= The task =
Beginning with the first line below, retype exactly each line through the one containing "Ford Focus Hatchback, Diesel, 2011, Brown". Leave out all pictures.

= Data for the task =
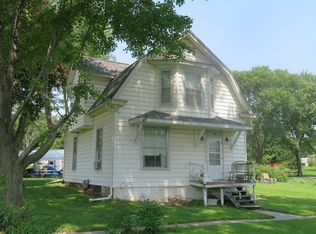10 Bennett Ave, Council Bluffs, IA 51503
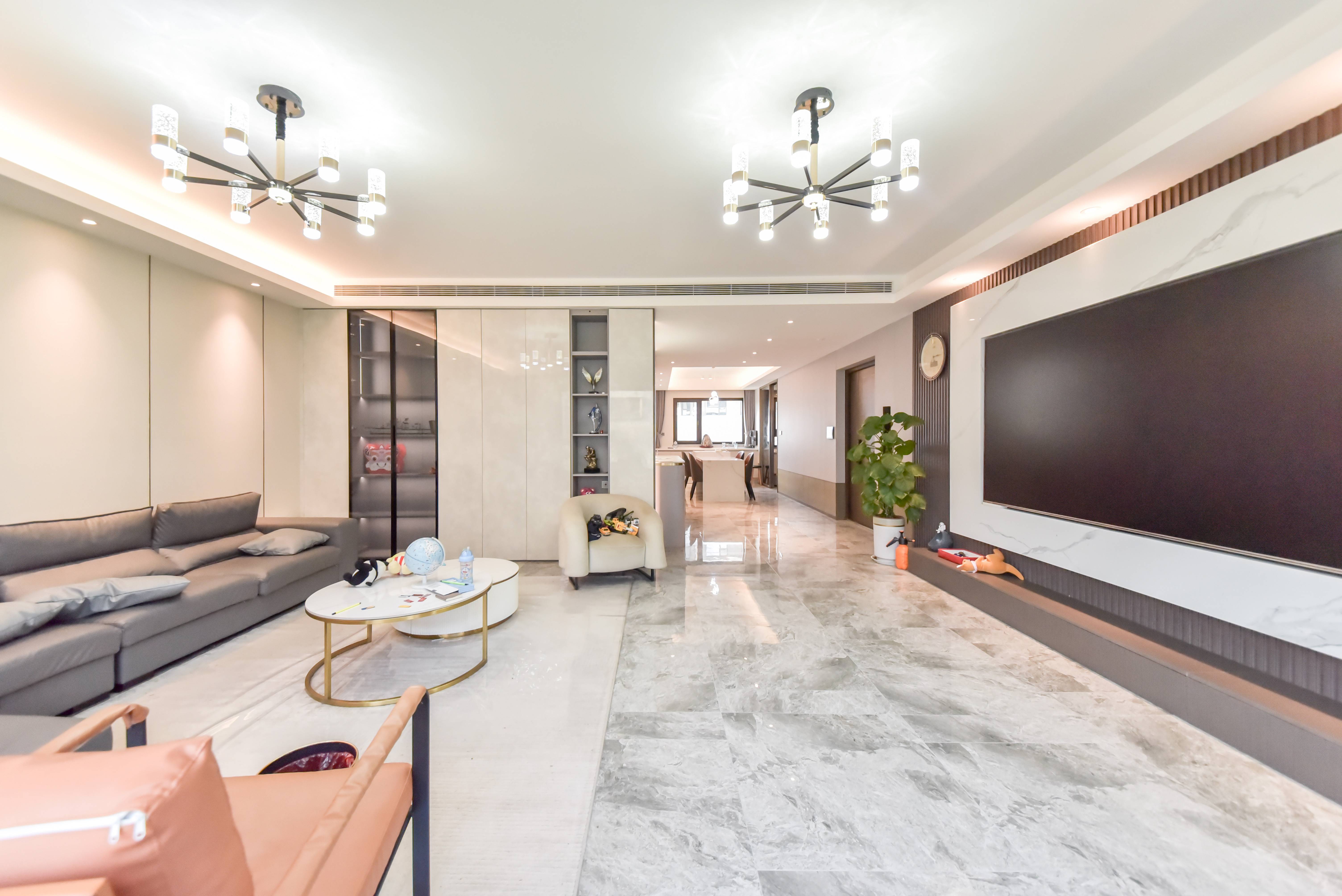  旅游路金茂府 南北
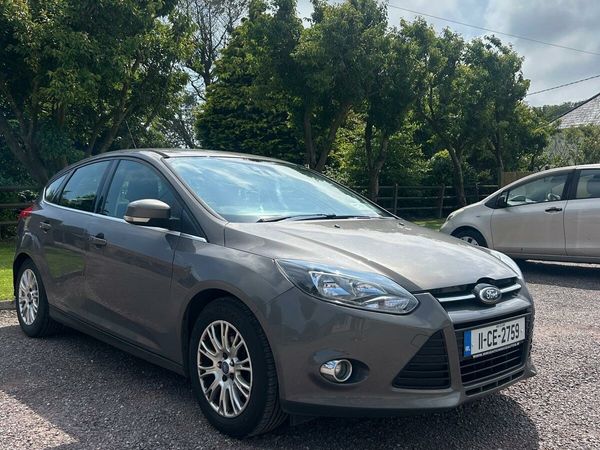 Ford Focus Hatchback, Diesel, 2011, Brown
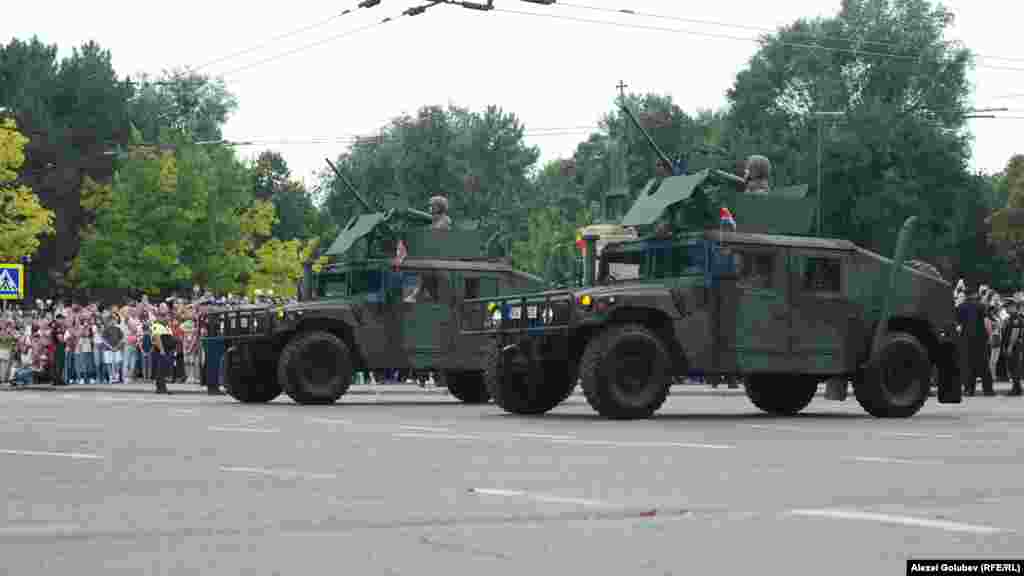 Vehicule militare HMMWV (High Mobility Multipurpose Wheeled Vehicle), cunoscute colocvial ca „Humvee”, prezentate la paradă. Aceste vehicule americane de uz general sunt destinate transportului militarilor și materialelor, în misiuni de cercetare și sprijin de luptă.<br><br>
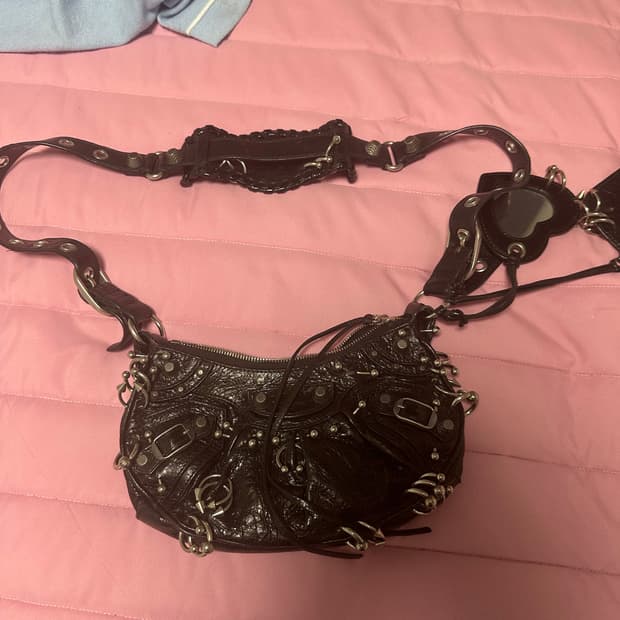 발렌시아가 르카골 피어싱 xs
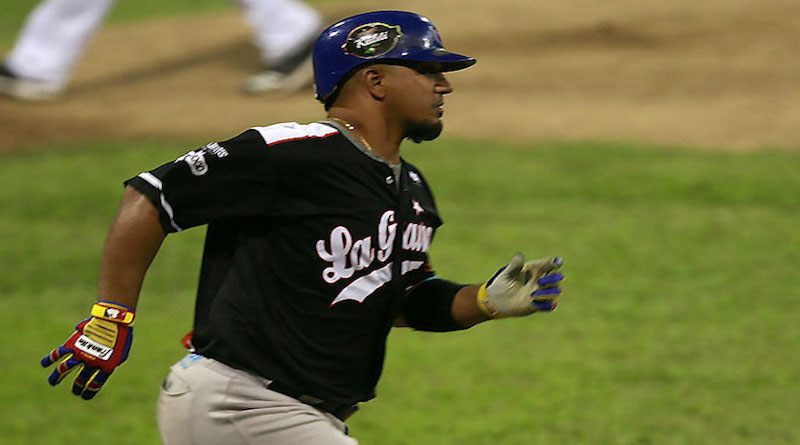 Tiburones emboscó a Cardenales en el noveno inning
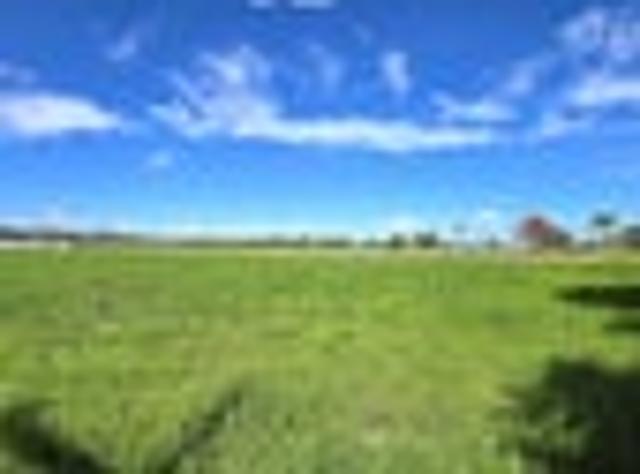 Lifestyle Opportunity Just Minutes from.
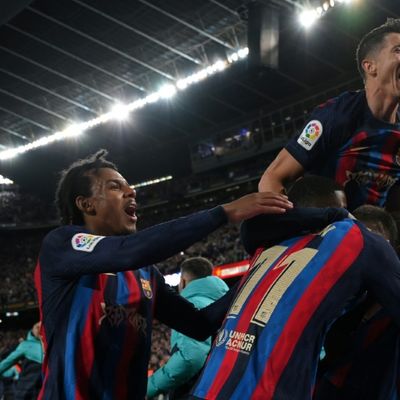 Xavi "proud" after Clasico, Barca move 12 points clear of Madrid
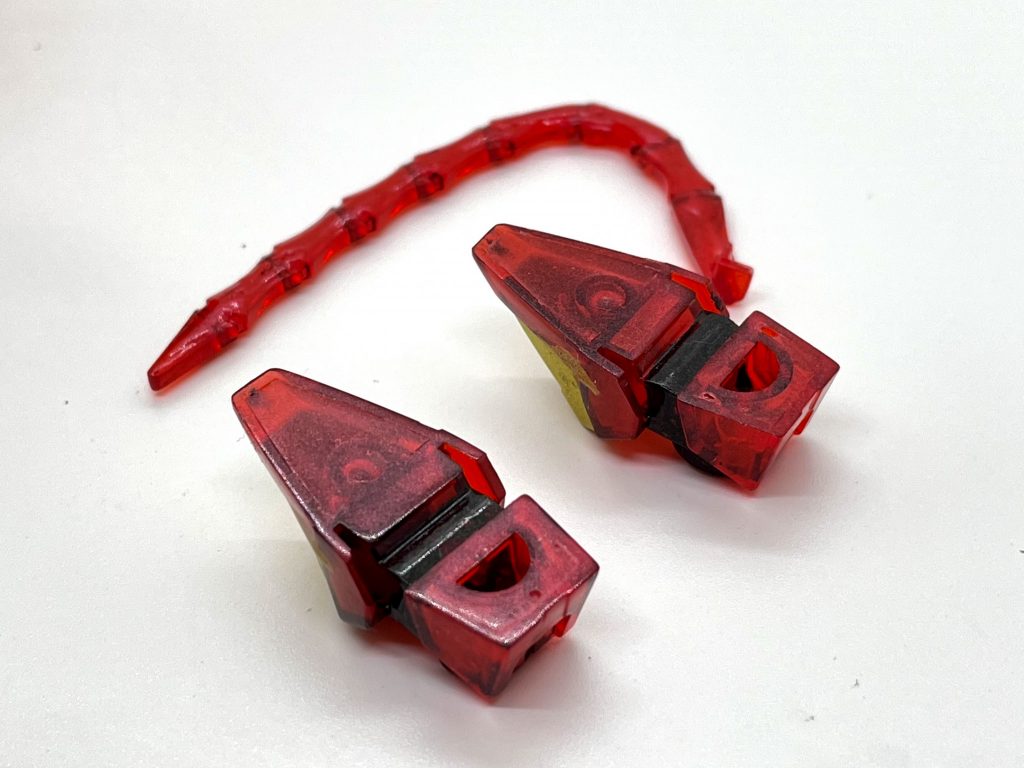 クリアパーツの肉抜き穴はUVレジンで埋めました。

= Output =
10 Bennett Ave, Council Bluffs, IA 51503
  旅游路金茂府 南北
 Ford Focus Hatchback, Diesel, 2011, Brown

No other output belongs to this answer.